The primary goal of surgical treatment for soft tissue sarcomas is to remove the tumor completely. In some patients, however, the surgeon sometimes has to choose between sacrificing the neurovascular bundle and/or amputation and preserving function, especially in tumors located near functional or circulatory critical areas3. Therefore, radiotherapy is often chosen by doctors as a means of local control of the tumor. However, the timing of radiotherapy is still debatable. Postoperative radiotherapy aims to destroy residual tumor cells after surgery, whereas the theory behind preoperative radiotherapy is to shrink the tumor27. Radiotherapy combined with neoadjuvant chemotherapy significantly improves local control rates, but the impact on overall survival is limited and requires individualized trade-offs28. However, since the SEER database does not provide clear indications for radiotherapy, this may have led to selection bias, thus affecting the accuracy of the prognostic impact of radiotherapy in the current study.

Although some nomograms associated with soft tissue sarcoma have been reported in some previous studies.

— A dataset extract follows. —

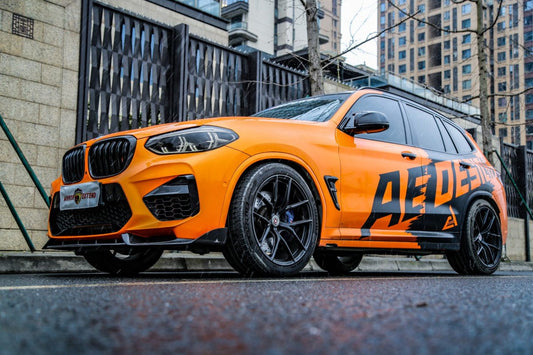 BMW X3M X3MC F97 Pre-LCI 2019 2020 2021 & X4M X4MC F98 Pre-LCI 2019 2020 2021 with Aftermarket Parts - AE Front Lip Carbon Fiber from ArmorExtend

However, it has to be mentioned that most of them were developed for soft tissue sarcomas at a specific primary site or a specific histological subtype of soft tissue sarcoma29,30. Our development of nomograms for soft tissue sarcoma patients receiving neoadjuvant chemotherapy has not been reported before. Compared to previously developed nomograms, our model showed better predictive accuracy in predicting the overall survival of soft tissue sarcoma patients receiving neoadjuvant chemotherapy. However, there are still some shortcomings in our study: firstly, our study is retrospective and there is inevitable selection bias. Secondly, the SEER database does not contain details of the drugs, doses, and cycles used to improve the chemotherapy regimen, and the impact of its chemotherapy regimen on patients with different subtypes of soft tissue sarcoma still needs further discussion. Thirdly, we have no way of knowing the postoperative patient’s cut margins, and whether they are negative or not will inevitably have an impact on the results.

Conclusions

The nomogram and risk classification system we constructed accurately predicted the overall survival of patients with soft tissue sarcoma after receiving neoadjuvant chemotherapy. The constructed nomogram has high accuracy and validity for individualized prognostic assessment. This study will provide a relatively reliable prognostic judgment for identifying high-risk patient groups. In addition, further developed web-based models are more conducive to wider use in clinical work.